Surnommée «la fille aux yeux d’or» (en fait, ils étaient jaunes-verts), elle a joué dans 35 films et vendu plus de 35 millions d’albums, au long d’une existence bien peu rectiligne.
«Ma carrière est de bric et de broc mais ma vie est remplie du début à la fin», assurait celle qui, mariée cinq fois, fut aussi actrice de théâtre, écrivain, antiquaire et commissaire-priseur.
Marie Laforêt était une personnalité complexe, intello pas du tout féministe, à la fois modeste, snob et gouailleuse, dotée d’un humour corrosif. «J’aime bien les gens qui ont une angoisse», indiquait-elle. De son physique exceptionnel, traits purs et sensuels, cheveux longs romantiques, elle affirmait qu’il ne lui avait pas toujours porté chance.
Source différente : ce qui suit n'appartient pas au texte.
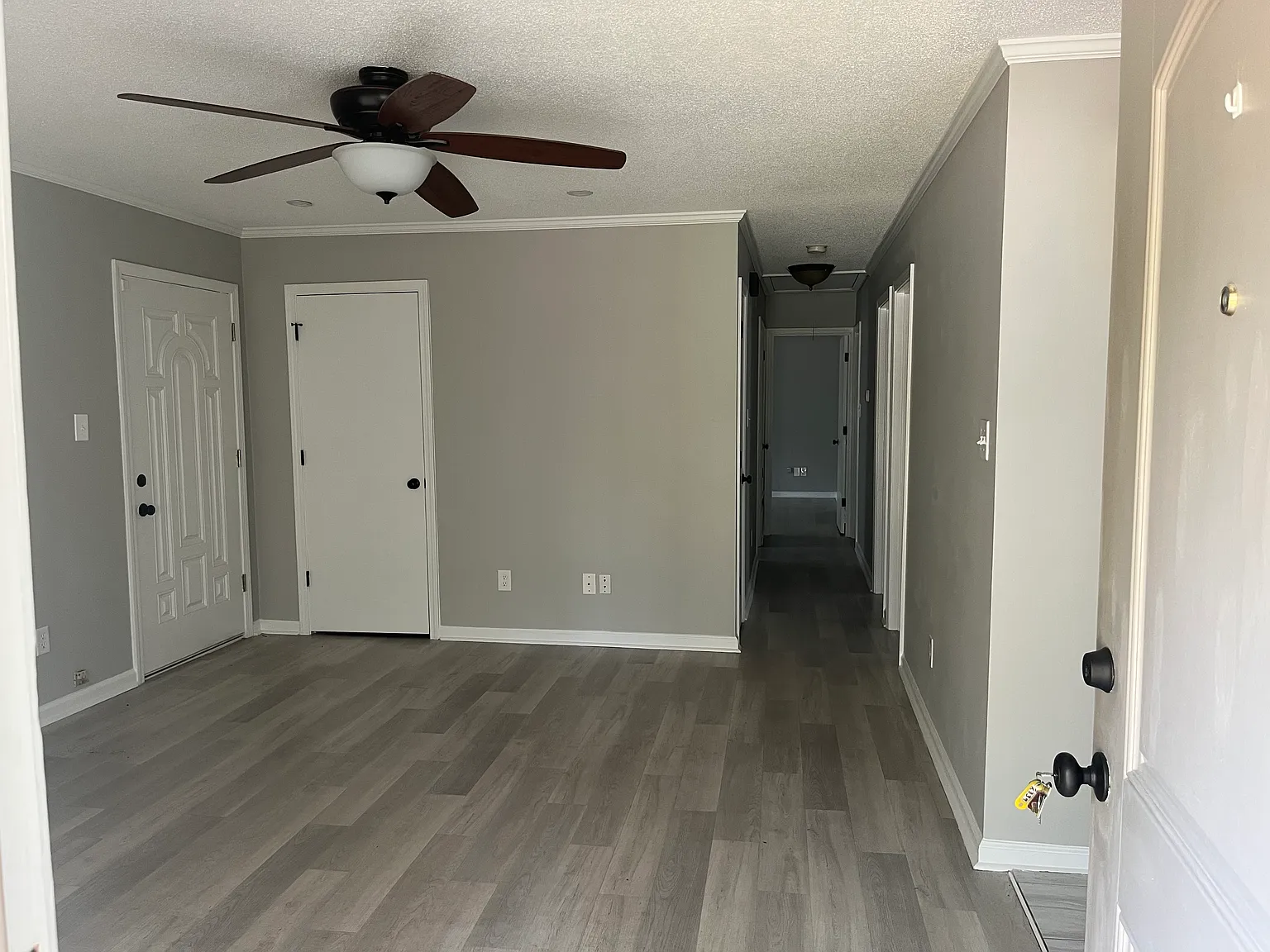 4 bed, 1222 sqft, $1,500 — Photo 2
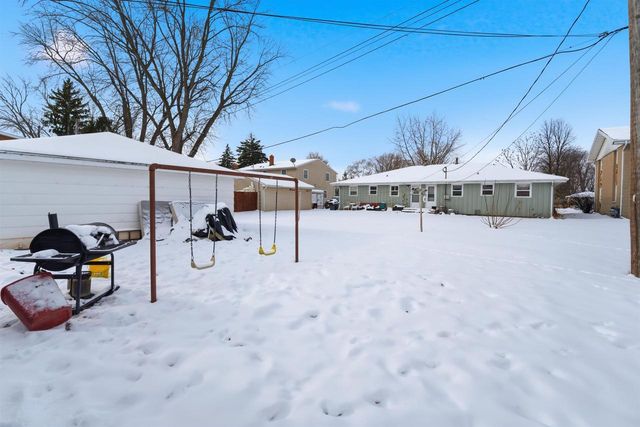 2325 N BALLARD ROAD, Appleton, WI 54911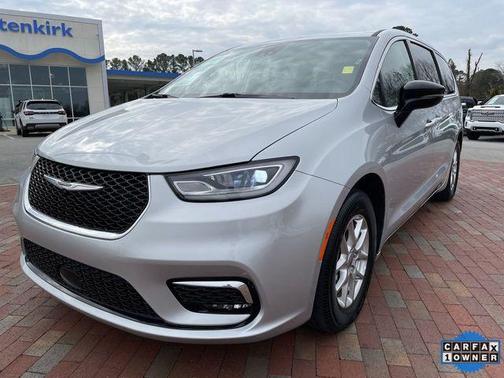 2024 Chrysler Pacifica Touring-L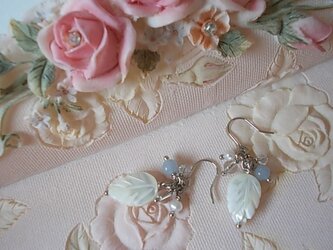 葉っぱのピアスorイヤリング（選択可能）の画像
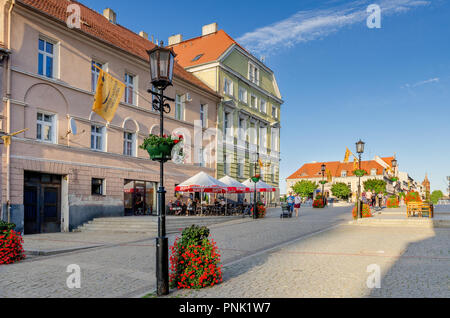 Gniezno, Pologne grande province, la Pologne. Tumska street dans le quartier de la vieille ville. Banque D'Images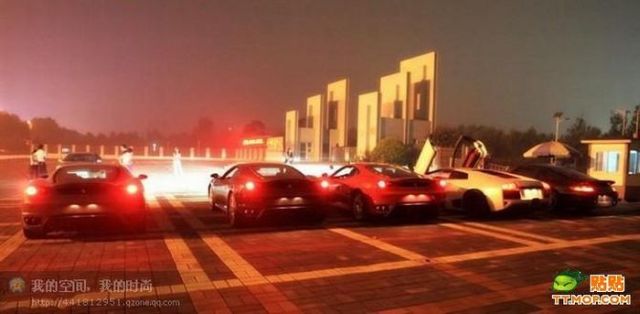 Supercars in China (35 pics)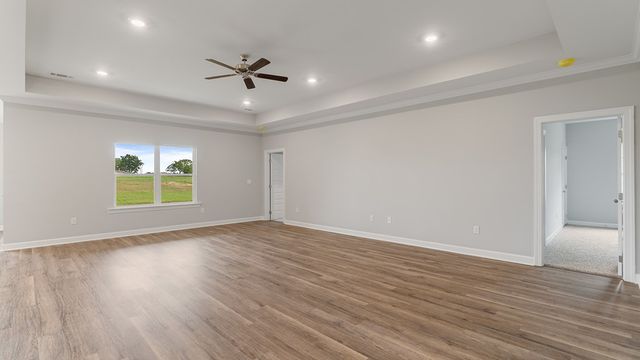 303 Heritage Way, Headland, AL 36345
Maïténa Doumenach, son vrai nom, naît le 5 octobre 1939 à Soulac-sur-Mer (Gironde), fille d’un industriel. À l’âge de 3 ans, dira-t-elle 35 ans plus tard, elle est violée par un voisin: «impossible d’en parler pendant des décennies».
«Sans ce viol, soulignera-t-elle, je n’aurais pas fait un métier public qui allait à l’encontre de ma timidité naturelle. J’ai choisi un métier exutoire».
Jeune fille, elle est attirée par le couvent mais se passionne pour le théâtre au lycée, à Paris, puis remporte un concours d’actrice, organisé par Europe 1, en 1959. Un an plus tard, elle apparaît au cinéma au côté d’Alain Delon dans Plein soleil (de René Clément) puis, en 1961, dans La fille aux yeux d’or (tiré d’un roman de Balzac), de Jean-Gabriel Albicocco qu’elle épousera.
Elle joue ensuite dans Joyeuses Pâques et Flic ou voyou de Georges Lautner, avec Jean-Paul Belmondo, Les morfalous d’Henri Verneuil, La chasse à l’homme, d’Edouard Molinaro, Fucking Fernand, de Gérard Mordillat (nominée pour le César du meilleur second rôle féminin), Tangos, l’exil de Gardel, de Fernando Solanas (prix du jury 1985 à Venise) etc. Elle a aussi été dirigée par Chabrol, Granier-Deferre, Deville, Mocky et d’autres.
Marie Laforêt, «un timbre»
En 1963, sort son premier 45 tours: Les vendanges de l’amour, écrit par Danyel Gérard. C’est le succès et les tubes vont s’enchaîner: Ivan, Boris et moi, Il a neigé sur Yesterday (chanson-hommage aux Beatles), Viens sur la montagne, Marie douceur, Marie colère, Que calor la vida etc. Elle puise son inspiration dans les folklores américain et européen.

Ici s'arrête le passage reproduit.